Let us reflect upon the Sunday which this year has the date March 2, for it is much undervalued and often misunderstood.

No other Sunday in the Christian Year has been given so many names or titles as the Fourth or Middle Sunday in Lent, the period of forty days from Ash Wednesday to Easter. These names provide a window into the liturgy, doctrine and spiritual discipline—as well as the social customs—of western Christian civilization in days past.

As the western Church used Latin throughout the medieval period, let us begin with the Latin name, Laetare Sunday, which is taken from the Introit sung by the choir at the beginning of Mass on this Sunday, Laetare Jerusalem, “Rejoice, O Jerusalem.” This introit is from Isaiah 54 which is cited in the Epistle of the Mass for the Day, Galatians 4:21ff.
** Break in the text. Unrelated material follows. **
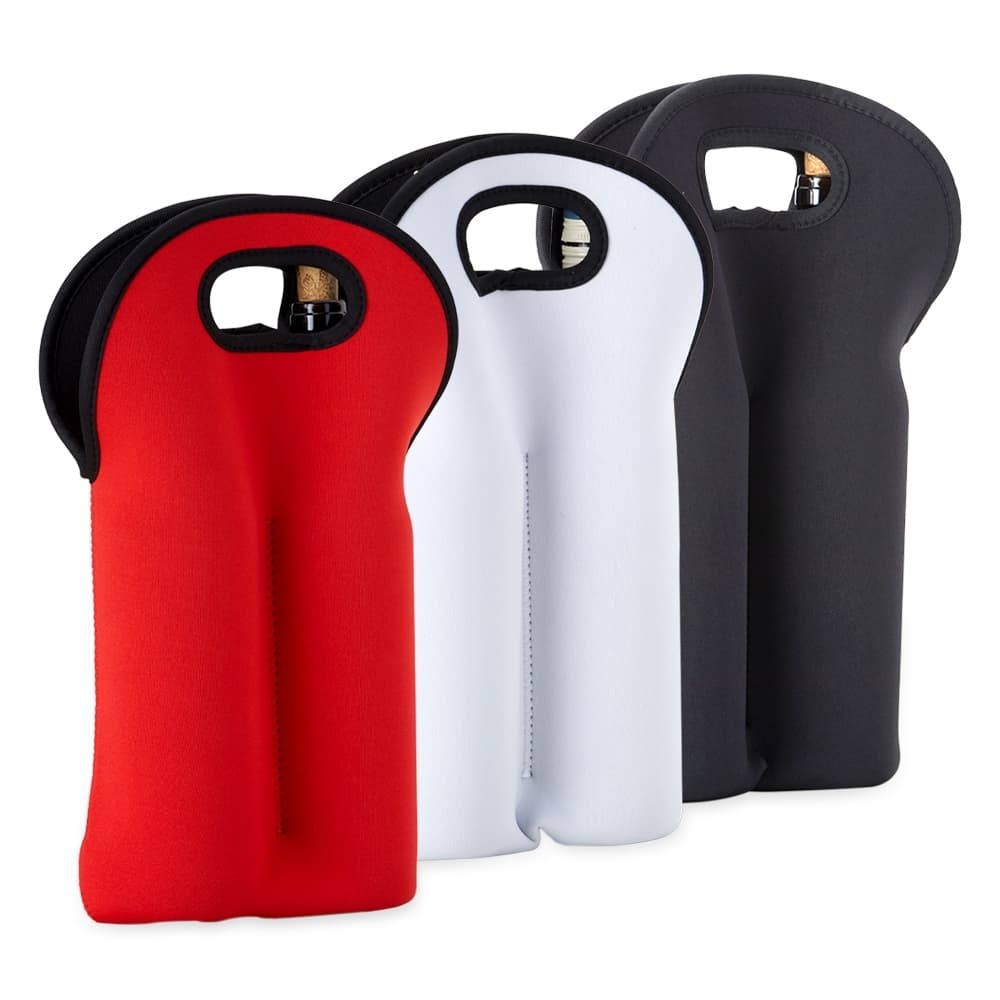 Porta Garrafa Duplo Isotérmico Neoprene Durável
Certain relaxations from the strict discipline of Lent were allowed on this fourth Sunday, of which the most obvious a long time ago were the placing of flowers on the altar, and of the playing of the organ at Mass and Vespers. Rose-colored vestments were allowed instead of purple, and the deacon and subdeacon wore dalmatics, instead of folded chasubles, as on the other Sundays of Lent. So the name Rose Sunday, suggesting the theme of controlled joy for this day, was used.
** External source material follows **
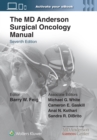 The MD Anderson Surgical Oncology Manual - Book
Arising from the Gospel sung at Mass, which is the account of the feeding by Jesus of the five thousand (John 6), the Sunday has also been called, Refreshment Sunday. So it is not surprising that there arose in England a special food delicacy to eat on this day of relaxed discipline; and this traditionally was Simnel Cake. [This is a rich fruit cake with a layer of almond paste on top and also in the middle. The cake is made with 11 balls of marzipan (a confection made of ground almonds or almond paste, egg whites and sugar, often molded into decorative shapes) icing on top representing the 11 disciples (Judas is not included). The cake was boiled in water, then baked. The Lenten fast dictated that the simnel cake be kept until Easter. The word Simnel is said to have been derived from the Latin word "simila" which means a fine wheat flour mainly used for baking a cake. There is also an interesting legend associated with the use of the word Simnel. It says that once a man called Simon and his wife Nell had an argument over whether the Mothering Sunday cake should be baked or boiled. Ultimately, they did both. So the cake came be to named after both of them and was called, SIM-NELL. ]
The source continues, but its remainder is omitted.